#### MATERIAL PROVIDED
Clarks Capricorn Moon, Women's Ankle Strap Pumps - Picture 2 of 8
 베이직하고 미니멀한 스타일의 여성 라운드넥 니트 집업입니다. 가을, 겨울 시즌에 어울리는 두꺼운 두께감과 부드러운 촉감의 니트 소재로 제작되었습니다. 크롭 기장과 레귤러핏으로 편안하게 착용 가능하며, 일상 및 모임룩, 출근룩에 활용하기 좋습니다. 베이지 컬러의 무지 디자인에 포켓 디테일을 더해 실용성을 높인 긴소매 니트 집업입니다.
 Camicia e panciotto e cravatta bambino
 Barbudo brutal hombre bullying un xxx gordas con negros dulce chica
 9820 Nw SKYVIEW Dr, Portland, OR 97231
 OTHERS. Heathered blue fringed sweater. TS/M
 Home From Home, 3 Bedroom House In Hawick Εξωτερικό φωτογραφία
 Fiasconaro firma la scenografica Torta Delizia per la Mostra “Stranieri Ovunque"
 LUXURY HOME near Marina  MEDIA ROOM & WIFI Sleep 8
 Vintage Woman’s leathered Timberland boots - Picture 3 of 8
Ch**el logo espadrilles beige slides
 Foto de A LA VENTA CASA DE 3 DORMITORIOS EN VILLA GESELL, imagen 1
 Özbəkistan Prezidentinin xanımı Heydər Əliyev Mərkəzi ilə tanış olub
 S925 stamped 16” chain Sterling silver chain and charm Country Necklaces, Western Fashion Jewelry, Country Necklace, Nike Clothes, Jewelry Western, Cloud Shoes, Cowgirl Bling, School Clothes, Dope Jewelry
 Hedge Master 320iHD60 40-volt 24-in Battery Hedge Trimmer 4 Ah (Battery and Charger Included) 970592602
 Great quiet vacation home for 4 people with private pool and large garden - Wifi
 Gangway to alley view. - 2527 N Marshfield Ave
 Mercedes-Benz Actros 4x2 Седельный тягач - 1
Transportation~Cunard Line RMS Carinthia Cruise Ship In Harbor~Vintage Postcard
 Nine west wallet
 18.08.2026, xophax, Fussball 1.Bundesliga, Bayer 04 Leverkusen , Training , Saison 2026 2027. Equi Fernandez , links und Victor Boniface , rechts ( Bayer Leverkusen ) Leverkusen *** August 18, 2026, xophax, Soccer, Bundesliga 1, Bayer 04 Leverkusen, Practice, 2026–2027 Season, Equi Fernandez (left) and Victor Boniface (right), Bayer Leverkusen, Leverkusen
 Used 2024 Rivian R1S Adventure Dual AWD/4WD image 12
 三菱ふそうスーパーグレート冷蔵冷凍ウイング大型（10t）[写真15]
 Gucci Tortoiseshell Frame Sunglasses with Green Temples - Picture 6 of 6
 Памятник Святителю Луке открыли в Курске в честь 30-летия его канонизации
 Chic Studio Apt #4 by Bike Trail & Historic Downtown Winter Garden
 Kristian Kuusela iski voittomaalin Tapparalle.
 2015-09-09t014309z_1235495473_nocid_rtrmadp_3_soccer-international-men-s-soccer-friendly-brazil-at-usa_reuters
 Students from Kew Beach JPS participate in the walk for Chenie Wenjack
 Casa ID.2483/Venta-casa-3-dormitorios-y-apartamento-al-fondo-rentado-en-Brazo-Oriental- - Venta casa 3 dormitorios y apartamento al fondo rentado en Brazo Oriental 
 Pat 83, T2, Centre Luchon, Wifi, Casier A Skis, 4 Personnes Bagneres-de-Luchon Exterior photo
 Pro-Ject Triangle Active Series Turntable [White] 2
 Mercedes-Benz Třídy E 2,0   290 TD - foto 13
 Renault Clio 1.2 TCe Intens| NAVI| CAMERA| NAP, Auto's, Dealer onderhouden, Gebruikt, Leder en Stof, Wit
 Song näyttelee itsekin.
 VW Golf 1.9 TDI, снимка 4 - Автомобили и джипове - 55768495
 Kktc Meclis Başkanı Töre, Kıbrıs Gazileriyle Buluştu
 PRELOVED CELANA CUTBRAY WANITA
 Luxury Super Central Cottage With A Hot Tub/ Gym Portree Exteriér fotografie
########
* **YOUR OBJECTIVE**:
Copy out, exactly as written, the line that contains "en Brazo Oriental" along with every line that comes after it in the material above, and nothing else.

* **RESPONSE TO THE TASK**:
 Casa ID.2483/Venta-casa-3-dormitorios-y-apartamento-al-fondo-rentado-en-Brazo-Oriental- - Venta casa 3 dormitorios y apartamento al fondo rentado en Brazo Oriental 
 Pat 83, T2, Centre Luchon, Wifi, Casier A Skis, 4 Personnes Bagneres-de-Luchon Exterior photo
 Pro-Ject Triangle Active Series Turntable [White] 2
 Mercedes-Benz Třídy E 2,0   290 TD - foto 13
 Renault Clio 1.2 TCe Intens| NAVI| CAMERA| NAP, Auto's, Dealer onderhouden, Gebruikt, Leder en Stof, Wit
 Song näyttelee itsekin.
 VW Golf 1.9 TDI, снимка 4 - Автомобили и джипове - 55768495
 Kktc Meclis Başkanı Töre, Kıbrıs Gazileriyle Buluştu
 PRELOVED CELANA CUTBRAY WANITA
 Luxury Super Central Cottage With A Hot Tub/ Gym Portree Exteriér fotografie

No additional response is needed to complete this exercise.